Depuis le 7 octobre, rien n’est plus pareil en Israël. C’est comme si nous étions tombés dans un trou noir. Depuis le 7 octobre, nous tâtonnons dans l’obscurité, essayant envers et contre tout de trouver une certaine normalité à notre quotidien. Le soir, nous couchons nos enfants et remercions le ciel parce qu’ils sont avec nous et que nous pouvons les border. Nous appelons nos parents et n’arrivons pas à imaginer que nous aurions pu les perdre. Nous embrassons nos amis en les serrant bien fort dans nos bras et pensons : D.ieu soit loué, ils ont survécu. Nous regardons dans le miroir et voyons que nous aussi sommes encore là. Nos cœurs continuent à battre, nos pieds nous font avancer un peu chaque jour, mais nous sommes également prisonniers de cette chape d’obscurité. Nous vivons dans ce trou noir et essayons de nous rappeler combien nous aimons la vie et que même dans ces circonstances si dramatiques la vie est un cadeau inestimable. Nous tentons, coincés dans les profondeurs abyssales de ce trou noir, de faire face à cette ambivalence que nous sommes restés vivants même si nous souffrons terriblement.
Depuis quelques jours, une petite lumière clignote dans toute cette obscurité. La libération, même si elle est au compte-gouttes, des otages et les vidéos d’enfants courant dans les bras de leurs parents distillent un peu d’espoir et réconfortent nos âmes brisées. Et puis l’espoir s’éteint de nouveau et l’obscurité sinistre reprend sa place quand nous apprenons que le Hamas ignore où sont détenus plus de 40 enfants et femmes. L’obscurité nous enveloppe de nouveau de son sinistre manteau quand nous apprenons que les plus jeunes des otages, le bébé Kfir, son frère de quatre ans et ses parents ne figurent toujours pas sur la liste des otages libérables. L’obscurité règne de nouveau en maître quand nous voyons que les véhicules de la Croix-Rouge transportant les enfants israéliens kidnappés sont accompagnés sur tout leur parcours par des meutes hostiles de Palestiniens. L’obscurité nous enveloppe de nouveau quand nous pensons au nombre de femmes et d’hommes de tous âges encore détenus à Gaza. L’obscurité nous enveloppe de nouveau car nous savons que le Hamas n’est pas un interlocuteur fiable et qu’il joue un jeu d’une infinie cruauté en tirant un plaisir sadique de la douleur de ses victimes innocentes.

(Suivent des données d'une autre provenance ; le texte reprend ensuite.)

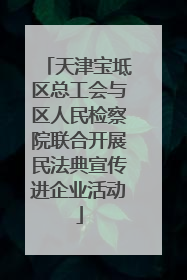 天津宝坻区总工会与区人民检察院联合开展民法典宣传进企业活动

L’obscurité nous environnant est épaisse. Elle est pesante. Elle s’est installée avec les pogroms du 7 octobre et ne s’est pas dissipée avec le retour de plusieurs dizaines d’otages. Je me demande ce qui est pire : le noir absolu auquel on s’habitue ou le souvenir que la lumière existe et la prise de conscience que cette lumière est trop faible pour chasser le noir ? Depuis le 7 octobre, je n’ai plus de réponses mais j’ai beaucoup de questions. Comment arriverons-nous à surmonter ces horreurs ? Comment continuer à vivre ? Sera-t-il jamais possible d’aboutir à la paix ? Comment parviendrons-nous un jour à vivre tous ensemble sur ce petit lopin de terre tellement disputé et si durement éprouvé ?
En dépit du noir oppressant qui nous enveloppe, j’essaie de puiser dans les rais de lumière occasionnels un peu de cet espoir que je veux tant ressentir. Je regarde mes enfants et je pleure, puis je ris car ils sont avec moi et en bonne santé, car ils sont relativement peu touchés par l’horreur ambiante. J’essaie d’écrire, d’écrire constamment et d’empêcher le monde d’ignorer la chape d’obscurité qui s’est abattue sur nous. J’essaie de me lever le matin et de croire que j’ai de bonnes raisons de le faire, même au fond de ce trou noir. Je continue à vivre, comme tous les autres Israéliens. Au fond de ce trou noir dans lequel nous sommes plongés il y a de la place pour le chagrin, pour la douleur, pour la colère et le désespoir mais également pour la force et la résilience. Nous continuons à vivre emplis de l’espoir que c’est quand le ciel est le plus noir que commencent à apparaître les premières lueurs de l’aube.